¿Qué le pasó a "El Caballito"?

¿Qué le pasó a "El Caballito"?

Por: Adrián Chávez -

Estatua ecuestre de Carlos IV, El Caballito, DF
―¿Usted sabe qué le pasó al “Caballito”? 

La recepcionista del Museo Nacional de Arte mira mi libreta con sospecha. Luego dirige otra mirada al exterior del museo, donde se encuentra ―protegida por un andamio y una lona azul― la escultura ecuestre de Carlos IV de España, que aún sonríe: no se ha enterado de que le echaron ácido nítrico en la cara. 

ácido nitrico en el cabalito

―No, yo no sé nada ―me contesta la mujer.

―¿Sabe con quién puedo hablar al respecto?

―Nosotros no tenemos nada que ver.

“El Caballito” fue concebida por el escultor y arquitecto Manuel Tolsá en 1803. Estuvo en lo que hoy es el Zócalo, hasta que alguien se preguntó por qué teníamos la estatua de un monarca español en la Plaza de la Constitución; fue trasladada entonces a Reforma y Bucarelli, y posteriormente a la Plaza Tolsá, en la calle de Tacuba, donde permanece hasta hoy, inmóvil a falta de otra opción. 

estatua del caballito

¿Que le dieron en la madre al “Caballito”, veá? Quesque lo iban a arreglar y lo pintarrajearon todo oído al pasar. 

César es músico callejero; cuando me acerco está tocando un vals venezolano en su guitarra electroacústica, como acostumbra hacerlo desde hace seis meses, a un lado del Palacio de Minería, justo frente al MUNAL y, por supuesto, de “El Caballito”. Lo estaban restaurando, me dice. Cuenta que a principios de mes comenzaron a levantar el andamiaje, lo que ha llevado a mucha gente a creer que los daños fueron causados durante las manifestaciones del 2 de octubre. 

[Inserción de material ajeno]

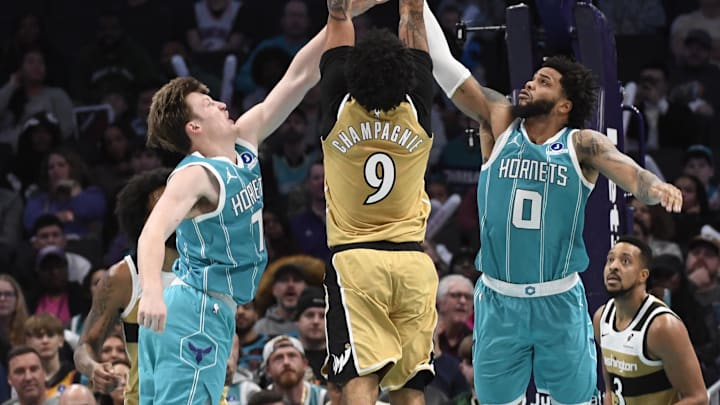 Dec 23, 2025; Charlotte, North Carolina, USA;  Washington Wizards forward Justin Champagnie (9) drives in past Charlotte Hornets forward Koa Knueppel (7) and forward Miles Bridges (0) during the second half at the Spectrum Center. Mandatory Credit: Sam Sharpe-Imagn Images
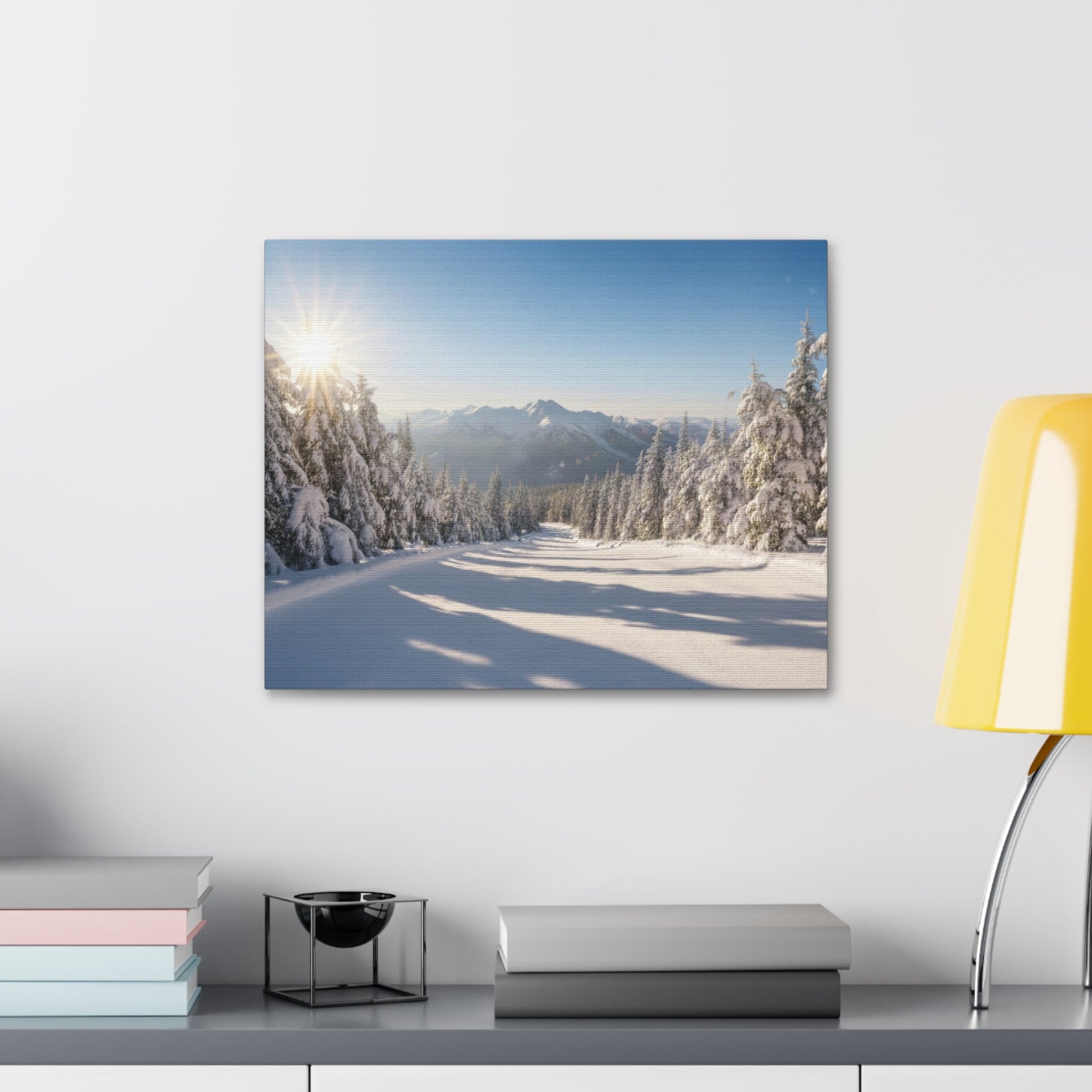 Canvas wall art of a serene wintry trail with snow-covered pines and mountains under a clear sky, framed and mounted on a white wall.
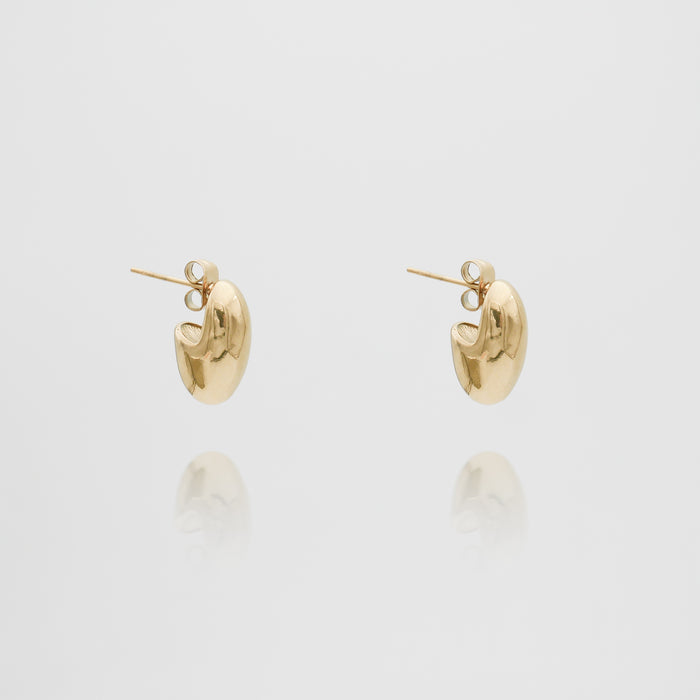 Two gold hoop earrings on white background.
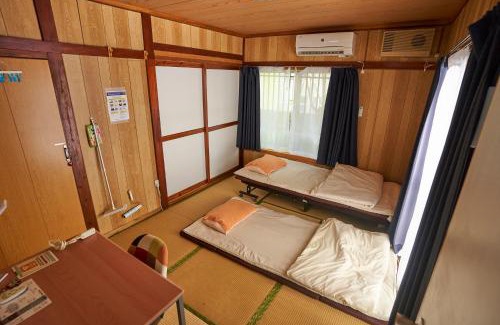 Nakasonecho Apartamento | コザを楽しむ一軒家 Kaeruhouse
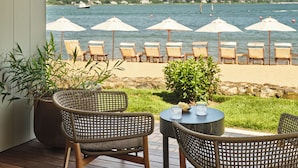 Une terrasse dotée de chaises et d’une table en osier, offrant une vue sur une plage parsemée de parasols et de chaises longues.
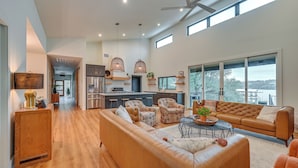 A spacious living area with a sofa, armchairs, a coffee table, and a view of the outdoors.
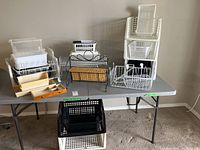 Overall view of various storage baskets and racks laid on a table including metal wire racks and plastic and wood organizers.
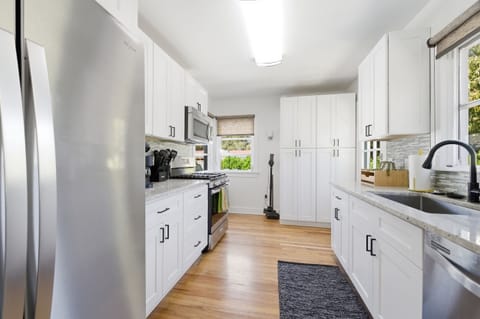 Open kitchen and dining area perfect for cooking and entertaining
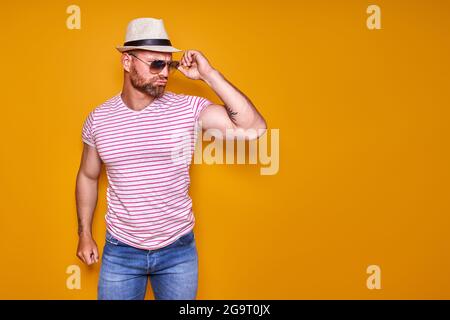 Homme musclé à barbe en chemise, Jean et chapeau élégant, lunettes de soleil debout en studio sur fond jaune Banque D'Images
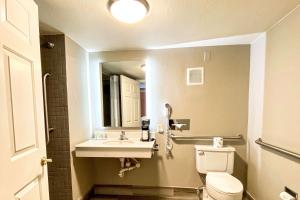 a bathroom with a toilet and a sink and a mirror at Quality Inn Harlingen in Harlingen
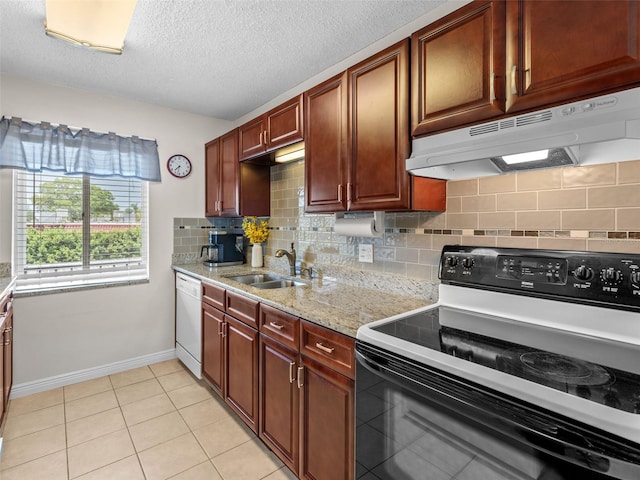 kitchen with white appliances, light tile floors, sink, tasteful backsplash, and a textured ceiling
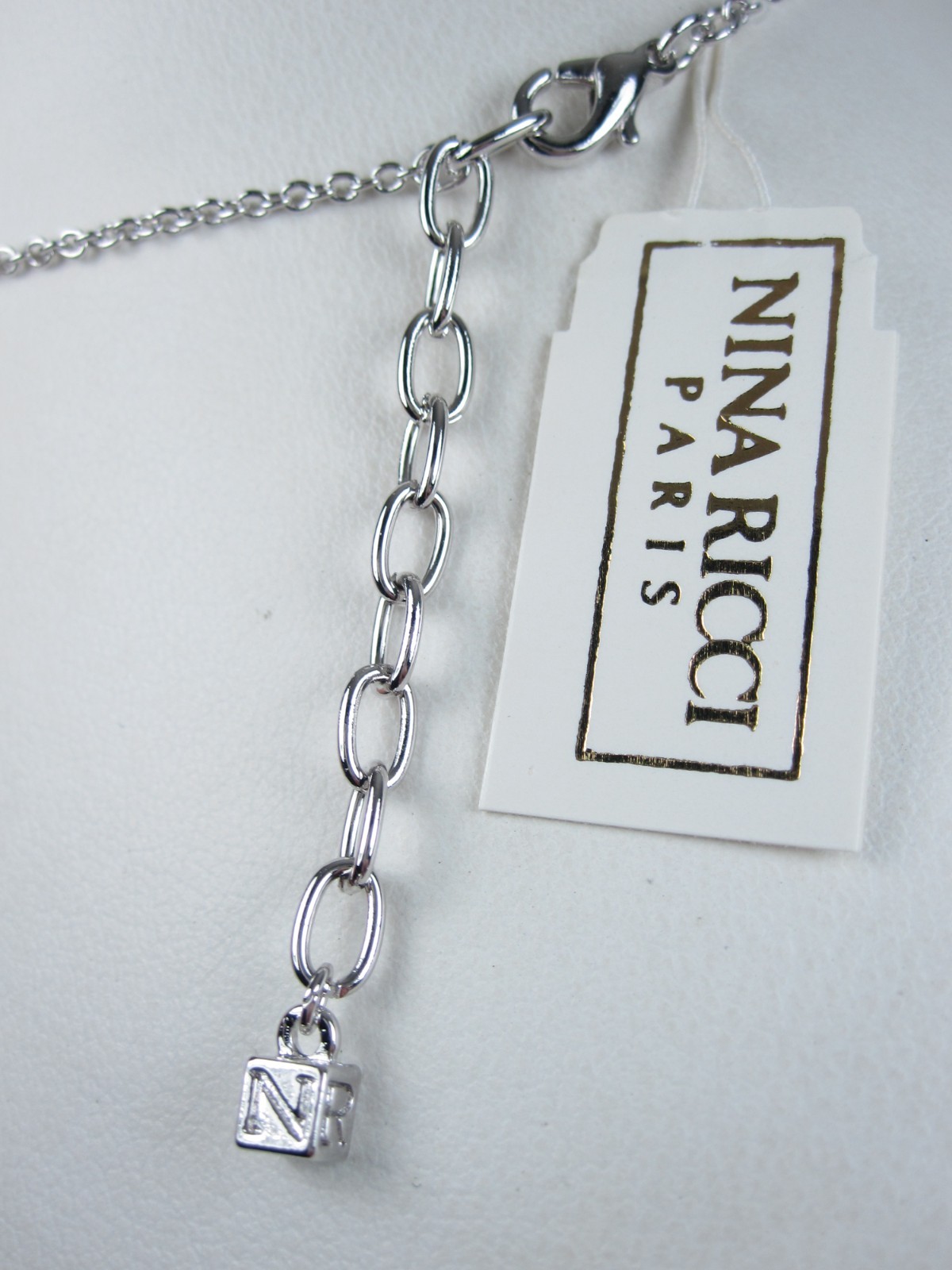 Nina Ricci Rhodium Plated Pendant with Swarovski Crystals – 16-18″ length 9379
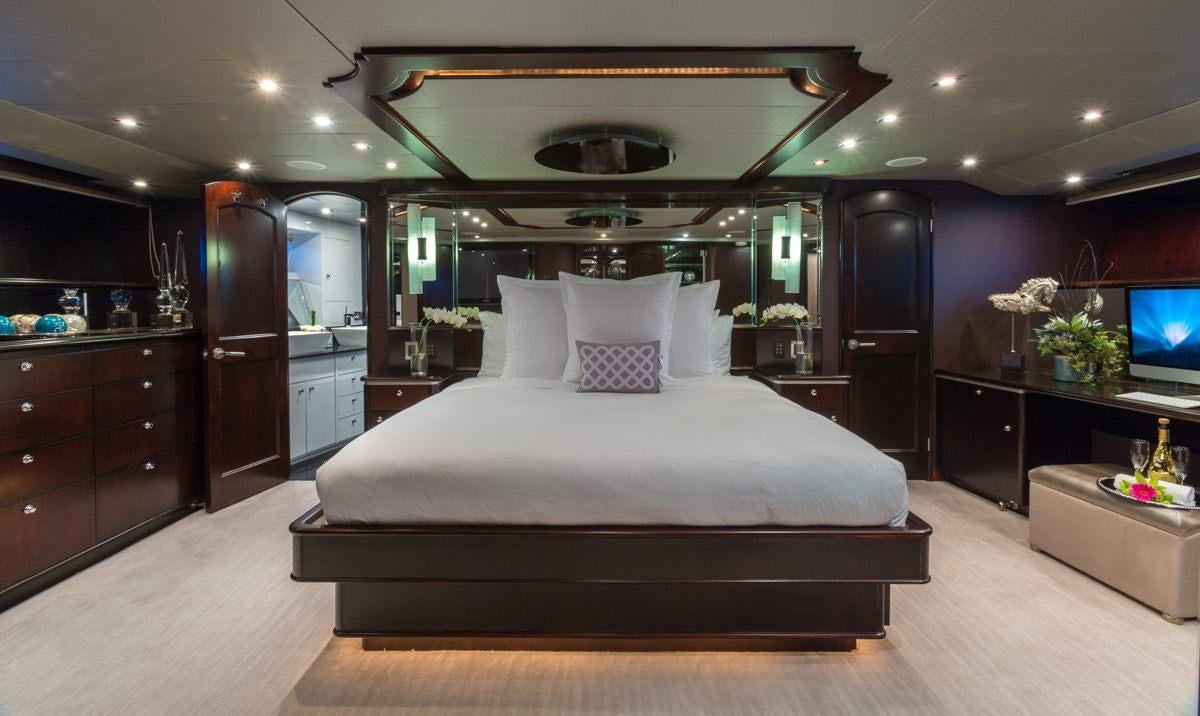 a large bed in a room aboard UNBRIDLED Yacht for Charter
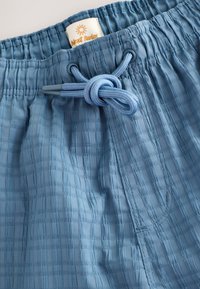 Vaaleansiniset uimalaukut, jotka on valmistettu teksturoidusta kankaasta. Niissä on joustava vyötärönauha, jossa on kiristysnauha, ja niissä on etiketti, jossa lukee "Next Swim".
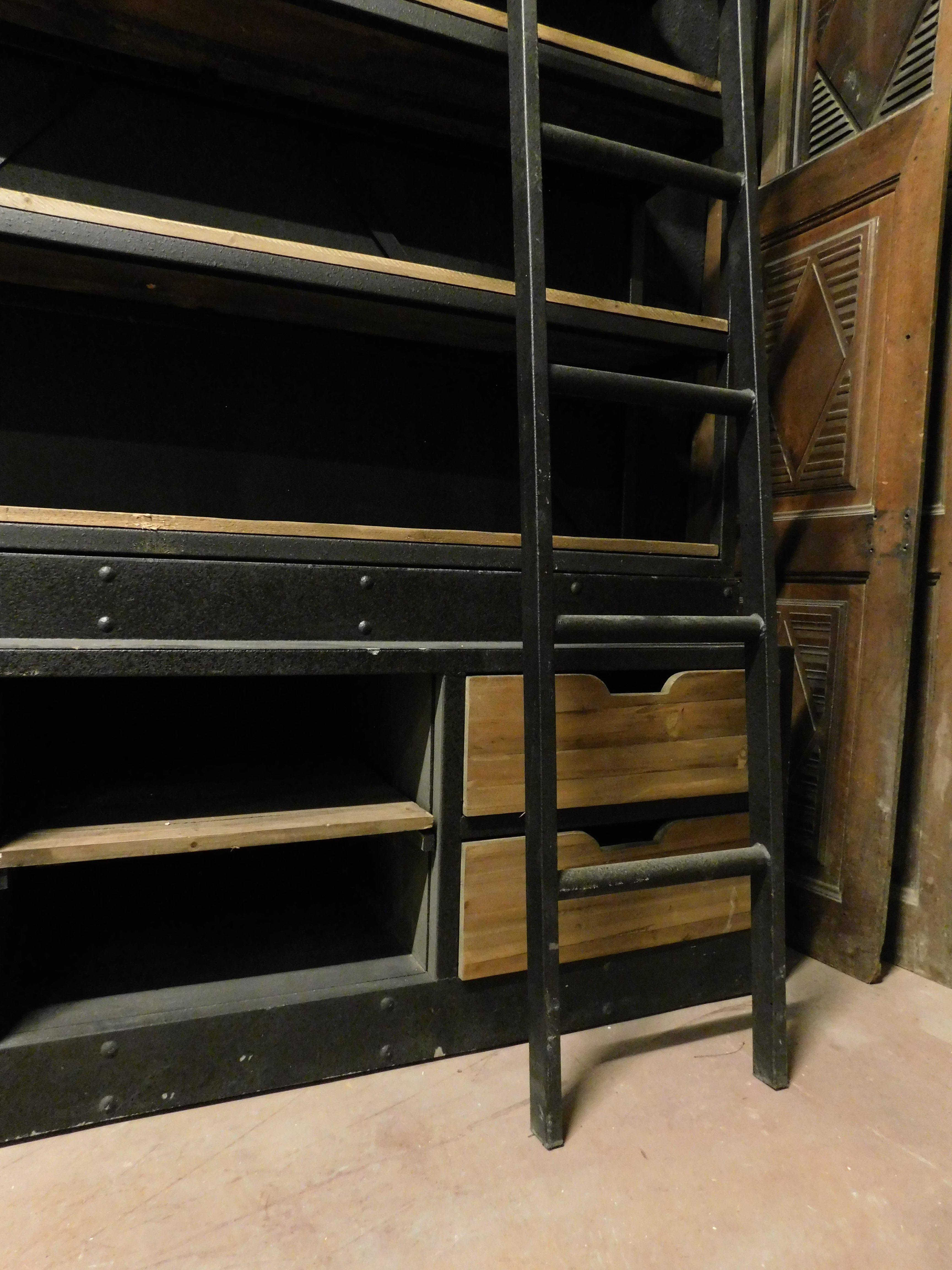 Industrial iron bookcase with wooden shelves and drawers complete with ladder For Sale 1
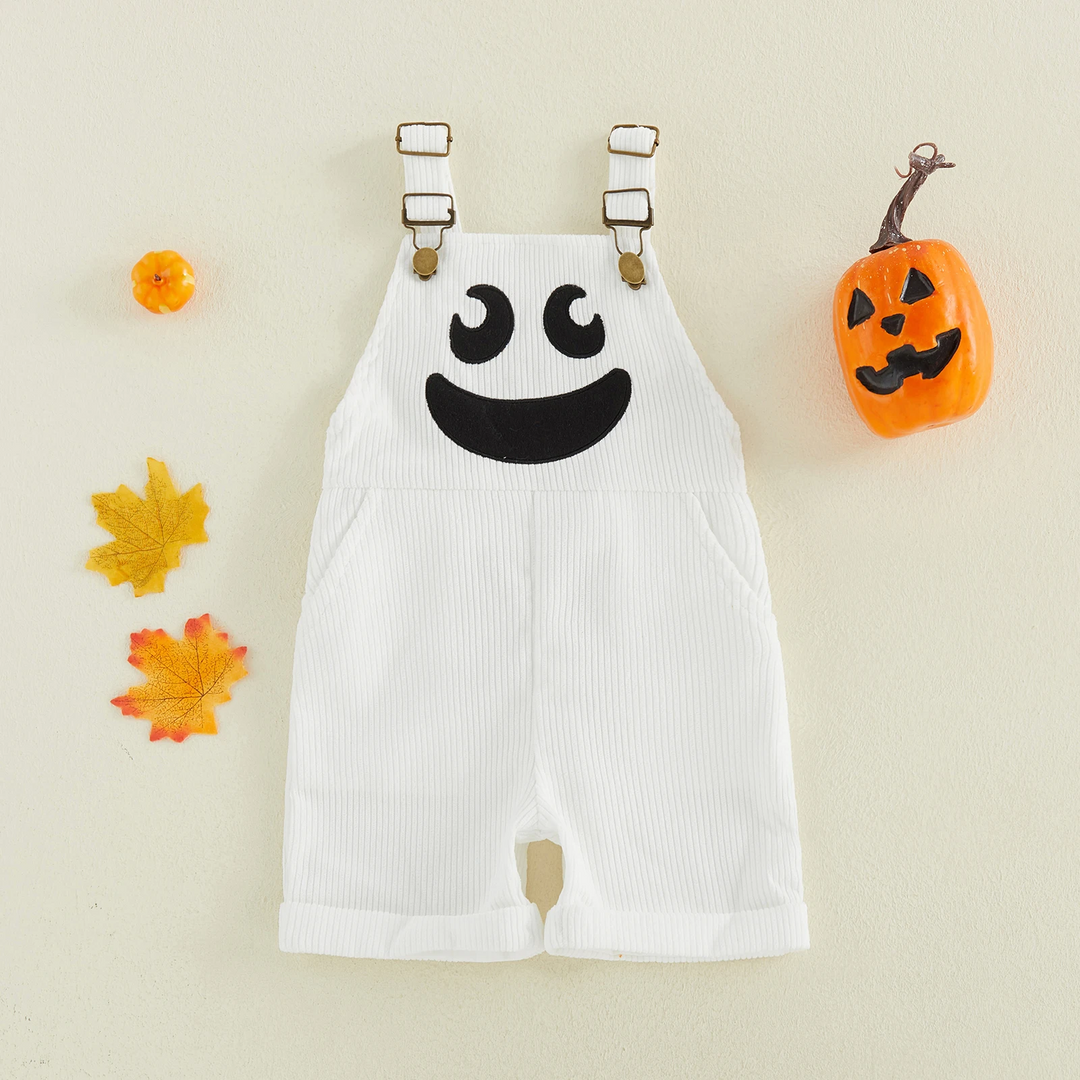 White ribbed ghost overalls with adjustable straps, shown beside fall leaves and a pumpkin decoration.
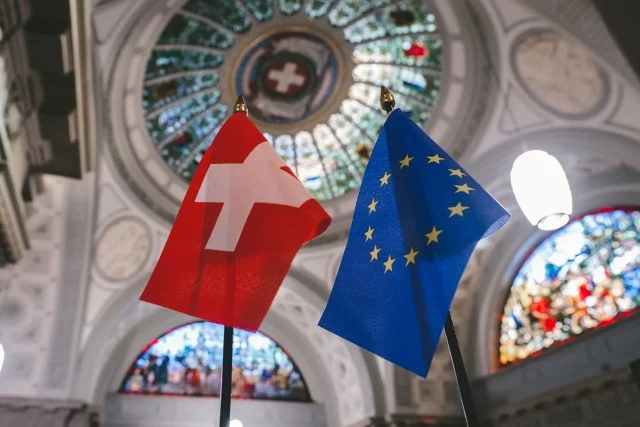 Swiss and European Union flags representing general data protection regulation compliance.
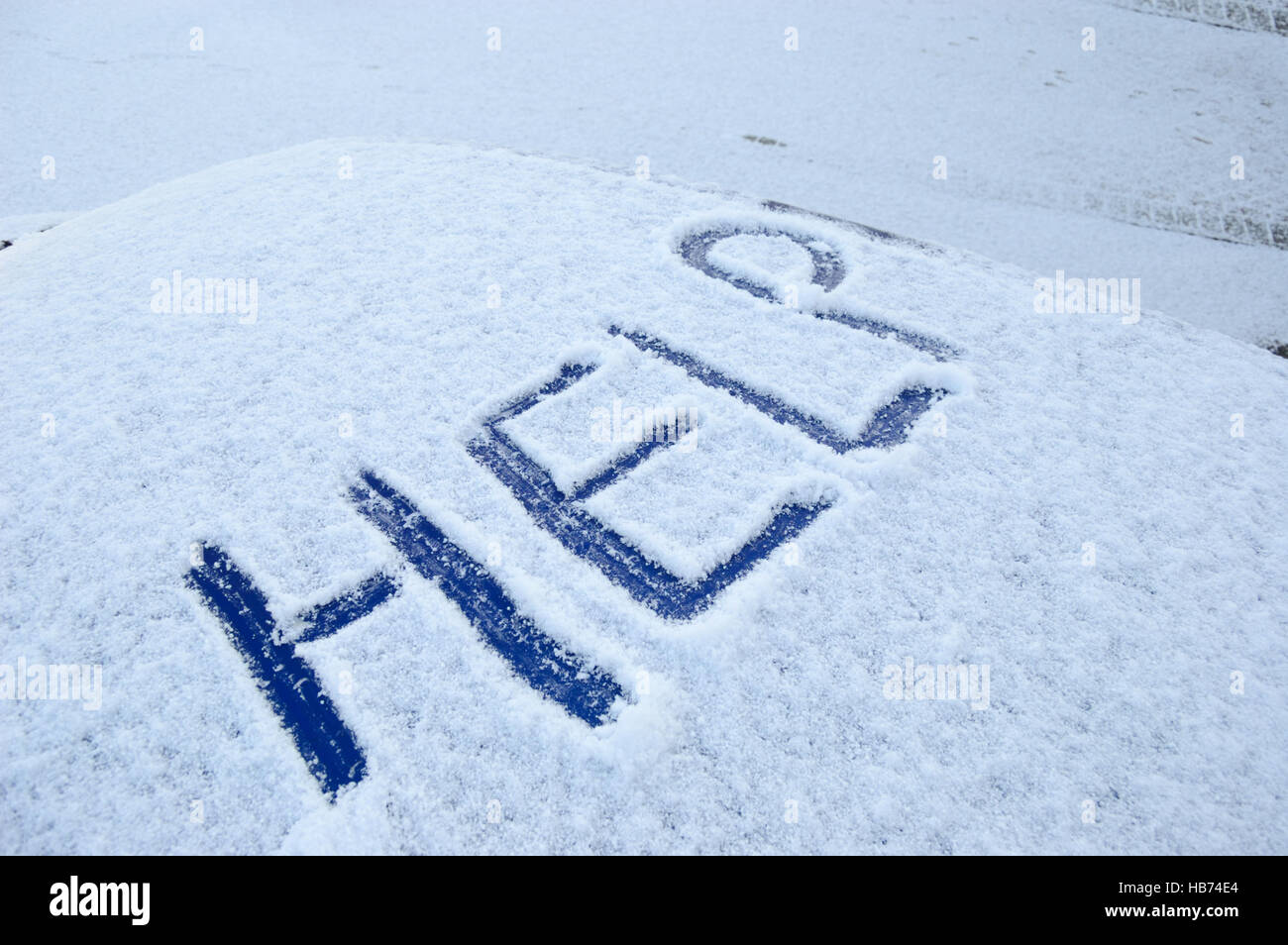 Schneebedeckte Autodach mit der Word-Hilfe im Schnee geschrieben Stockfoto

―Yo creo que sí lo vandalearon ―asegura, aunque no especifica quiénes.

El Caballito Tolsá

El secretario del Instituto Nacional de Antropología e Historia, por su parte, denunció la “limpieza” emprendida por un grupo de trabajadores del Fideicomiso del Centro Histórico del Gobierno del Distrito Federal, quizás inspirados por el reciente éxito de la restauración del “Ecce Homo” de Borja, España, obra cumbre del restauracionismo vandálico. Química básica o algo así: el ácido que utilizaron desprendió la pátina que protegía la escultura y le dejó unos vivos en azul y bronce muy bonitos pero bastante inapropiados. Aproximadamente el cincuenta por ciento de la obra tiene daños irreparables, según las autoridades competentes, si bien esta vez su competencia tuvo mal timing

―Yo a la autoridad nunca la vi ―dice César―. Nomás llegaron un día los albañiles a trabajar.

Fiscalía de: Asuntos especiales; Averiguación previa: FAE/A/T2/280/13-10; Delito: Denuncia de hechos ―Sello del GDF.

“El Caballito”, bicentenario, que Lucas Alamán salvó de la destrucción independentista y cuya belleza Alexander Von Humboldt equiparó a la estatua de Marco Aurelio en Roma, mira hoy a través de la lona azul que lo protege a quienes cruzan por la calle de Tacuba, indiferentes a su desgracia.

daños a El Caballito
esculturas Manuel Tolsá

Los acordes de una guitarra consuelan al rey, moderno Pin Pon, a quien le lavaron la carita con ácido nítrico en vez de agua y jabón.